Politis gazetesi, “Gaziveren ve Trikomo’ya (İskele) Politis’in Keşfi” başlıklı haberinde, Gaziveren ve İskele bölgelerine giderek keşif yaptığını yazdı.

Bu bölgelerdeki inşaatlara ilişkin birçok fotoğrafa yer veren gazete, Gaziveren bölgesinin “yeni bir İskele” olma yolunda hızlı bir şekilde ilerlediğini, bu bölgeye siteler, apartmanlar ve iş yerlerinin inşa edildiğini belirtti.

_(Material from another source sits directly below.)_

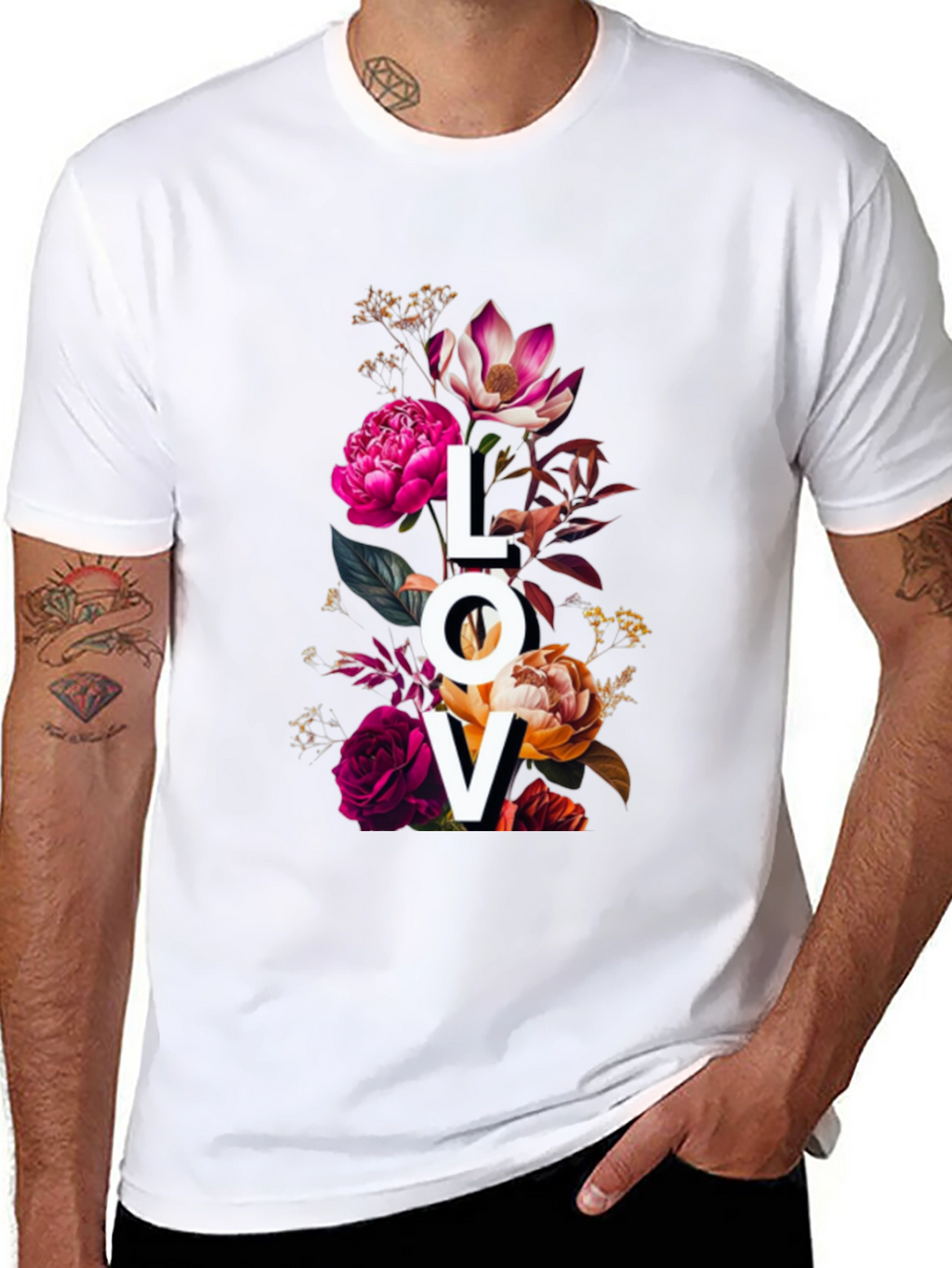 Floral LOVE Graphic Print T-Shirt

İskele bölgesindeki emlak fiyatlarına da yer veren gazete, İskele bölgesi sakinleri ve bu bölgedeki işçilerin, gazeteye yaptıkları açıklamaya dayanarak bu taşınmaz mallardan en fazla Rusların ve İsraillilerin faydalandığını belirtti.

Habere göre Kıbrıslı Rum avukat Ahilleas Dimitriadis, “yasa dışı” olarak nitelendirdiği KKTC’deki inşaat faaliyetleri konusunda gazeteye yaptığı açıklamada, KKTC’deki taşınmazlara ilişkin durumu “sıkıcı” olarak nitelendirdi.

Her hak sahibi Rum göçmenin, elinden geleni yapması konusunda tek başına bırakıldığını ifade eden Dimitriadis, sorunun; siyasi ve hukuki olmak üzere iki düzeyde olduğuna da dikkati çekti.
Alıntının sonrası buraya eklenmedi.